The data below should be copied over with complete accuracy.
(Data Opens)
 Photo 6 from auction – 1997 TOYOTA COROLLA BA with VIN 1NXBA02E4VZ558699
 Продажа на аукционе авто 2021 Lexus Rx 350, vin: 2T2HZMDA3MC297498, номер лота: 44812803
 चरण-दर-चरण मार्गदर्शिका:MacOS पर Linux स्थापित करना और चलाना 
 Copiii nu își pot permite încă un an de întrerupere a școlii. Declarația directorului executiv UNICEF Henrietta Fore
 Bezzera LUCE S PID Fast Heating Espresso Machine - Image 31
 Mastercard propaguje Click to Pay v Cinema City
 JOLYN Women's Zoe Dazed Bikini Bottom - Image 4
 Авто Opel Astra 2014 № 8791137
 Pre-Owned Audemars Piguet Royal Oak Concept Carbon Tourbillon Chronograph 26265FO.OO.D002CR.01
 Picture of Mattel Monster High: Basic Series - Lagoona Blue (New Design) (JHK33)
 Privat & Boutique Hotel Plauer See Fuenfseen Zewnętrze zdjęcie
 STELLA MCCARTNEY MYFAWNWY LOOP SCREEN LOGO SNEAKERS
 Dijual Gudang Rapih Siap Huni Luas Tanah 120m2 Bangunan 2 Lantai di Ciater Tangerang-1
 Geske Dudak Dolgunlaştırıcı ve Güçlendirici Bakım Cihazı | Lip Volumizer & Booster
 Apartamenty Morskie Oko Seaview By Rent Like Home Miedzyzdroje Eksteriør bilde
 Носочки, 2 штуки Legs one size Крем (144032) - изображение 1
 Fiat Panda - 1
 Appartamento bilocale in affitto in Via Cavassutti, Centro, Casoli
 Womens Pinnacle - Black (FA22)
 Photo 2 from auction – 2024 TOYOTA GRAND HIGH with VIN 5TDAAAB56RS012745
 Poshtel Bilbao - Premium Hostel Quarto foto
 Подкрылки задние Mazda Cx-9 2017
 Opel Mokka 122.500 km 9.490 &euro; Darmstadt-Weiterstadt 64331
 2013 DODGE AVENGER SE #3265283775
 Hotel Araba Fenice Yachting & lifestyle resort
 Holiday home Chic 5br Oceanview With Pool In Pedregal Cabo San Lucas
(Data Closes)
> **Answer below**:
 Photo 6 from auction – 1997 TOYOTA COROLLA BA with VIN 1NXBA02E4VZ558699
 Продажа на аукционе авто 2021 Lexus Rx 350, vin: 2T2HZMDA3MC297498, номер лота: 44812803
 चरण-दर-चरण मार्गदर्शिका:MacOS पर Linux स्थापित करना और चलाना 
 Copiii nu își pot permite încă un an de întrerupere a școlii. Declarația directorului executiv UNICEF Henrietta Fore
 Bezzera LUCE S PID Fast Heating Espresso Machine - Image 31
 Mastercard propaguje Click to Pay v Cinema City
 JOLYN Women's Zoe Dazed Bikini Bottom - Image 4
 Авто Opel Astra 2014 № 8791137
 Pre-Owned Audemars Piguet Royal Oak Concept Carbon Tourbillon Chronograph 26265FO.OO.D002CR.01
 Picture of Mattel Monster High: Basic Series - Lagoona Blue (New Design) (JHK33)
 Privat & Boutique Hotel Plauer See Fuenfseen Zewnętrze zdjęcie
 STELLA MCCARTNEY MYFAWNWY LOOP SCREEN LOGO SNEAKERS
 Dijual Gudang Rapih Siap Huni Luas Tanah 120m2 Bangunan 2 Lantai di Ciater Tangerang-1
 Geske Dudak Dolgunlaştırıcı ve Güçlendirici Bakım Cihazı | Lip Volumizer & Booster
 Apartamenty Morskie Oko Seaview By Rent Like Home Miedzyzdroje Eksteriør bilde
 Носочки, 2 штуки Legs one size Крем (144032) - изображение 1
 Fiat Panda - 1
 Appartamento bilocale in affitto in Via Cavassutti, Centro, Casoli
 Womens Pinnacle - Black (FA22)
 Photo 2 from auction – 2024 TOYOTA GRAND HIGH with VIN 5TDAAAB56RS012745
 Poshtel Bilbao - Premium Hostel Quarto foto
 Подкрылки задние Mazda Cx-9 2017
 Opel Mokka 122.500 km 9.490 &euro; Darmstadt-Weiterstadt 64331
 2013 DODGE AVENGER SE #3265283775
 Hotel Araba Fenice Yachting & lifestyle resort
 Holiday home Chic 5br Oceanview With Pool In Pedregal Cabo San Lucas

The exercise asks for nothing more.